Judgement Day for an Old Church, and an Unbuilt "College Town"

Judgement Day for an Old Church, and an Unbuilt "College Town"

This article was scraped from Rochester Subway. This is a blog about Rochester history and urbanism has not been published since 2017. The current owners are now publishing link spam which made me want to preserve this history.. The original article was published March 17, 2013 and can be found here.

Judgement Day for an Old Church and a Unbuilt 'College Town'

   Two important cases will go before the Zoning Board this Thursday: the ongoing saga of one historic church on Main Street, and design concerns regarding the future College Town. Salvation for the church, as well as the promise of a pedestrian-friendly College Town, may hang in the balance.

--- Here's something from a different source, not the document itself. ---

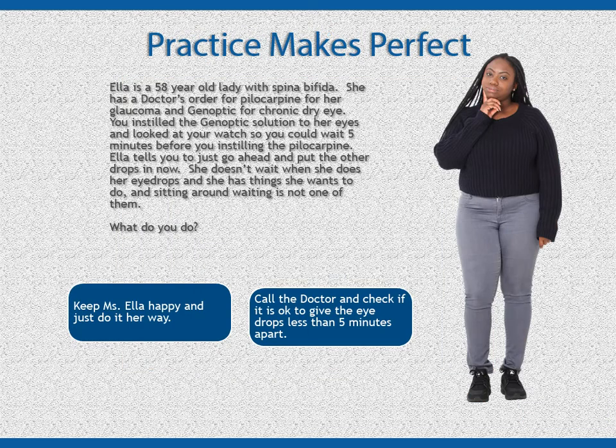Ella is a 58-year-old lady with spina bifida. She has a doctor's order for pilocarpine for her glaucoma and Genoptic for chronic dry eye. You instilled the Genoptic solution to her eyes and looked at your watch so you could wait five minutes before instilling the pilocarpine. Ella tells you to just go ahead and put the other drops in now — she doesn't wait when she does her eye drops, she has things she wants to do, and sitting around waiting is not one of them. What do you do?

First, if you've been following the story of the little white church at     660 W. Main Street    , owner Marvin Maye will make one more appeal to challenge the building's status as a Designated Building of Historic Value. If he succeeds, he could have a clear path forward to demolish the 140-something-year-old church.     *    And in its place would go a Dollar General store...

The former Westminster Presbyterian Church at 660 West Main Street, and Stacie Colaprete's home at 644. [PHOTO: RochesterSubway.com]

   Many residents in the Susan B. Anthony     neighborhood are not happy    about that, including Stacie Colaprete, owner of the beautiful victorian house next door. She has said that if the Dollar General plans are approved, she will become sandwiched between two box stores and indirectly forced to move out of her home.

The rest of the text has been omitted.